### Listed records
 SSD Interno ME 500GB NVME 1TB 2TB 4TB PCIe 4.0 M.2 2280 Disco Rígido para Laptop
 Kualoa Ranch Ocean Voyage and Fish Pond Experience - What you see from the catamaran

--

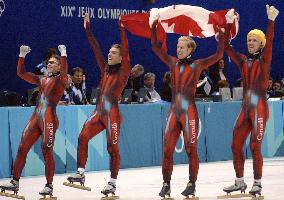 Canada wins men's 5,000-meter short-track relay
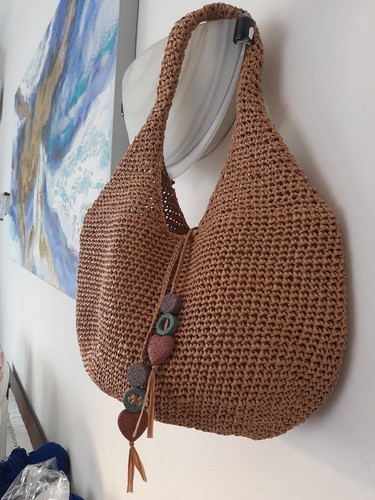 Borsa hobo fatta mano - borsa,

* * *

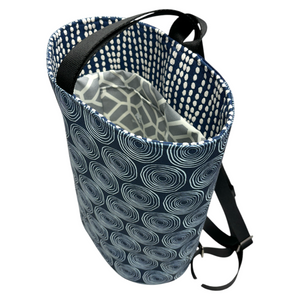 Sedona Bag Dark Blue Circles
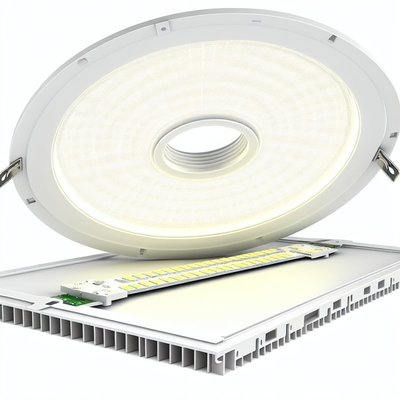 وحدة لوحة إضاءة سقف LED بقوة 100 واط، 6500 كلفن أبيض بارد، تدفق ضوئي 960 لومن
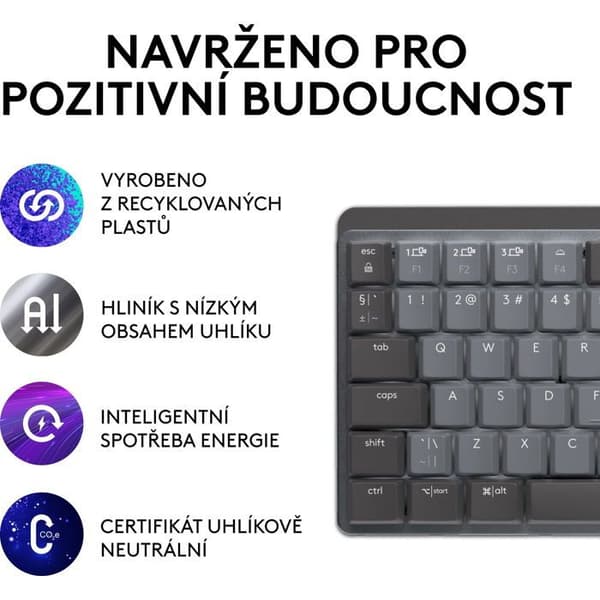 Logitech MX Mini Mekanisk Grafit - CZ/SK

### Aim of the exercise
Reproduce exactly the lines above from the line with "SSD Interno ME" to the line with "Kualoa Ranch Ocean", including both, and add nothing.

### Exercise output
 SSD Interno ME 500GB NVME 1TB 2TB 4TB PCIe 4.0 M.2 2280 Disco Rígido para Laptop
 Kualoa Ranch Ocean Voyage and Fish Pond Experience - What you see from the catamaran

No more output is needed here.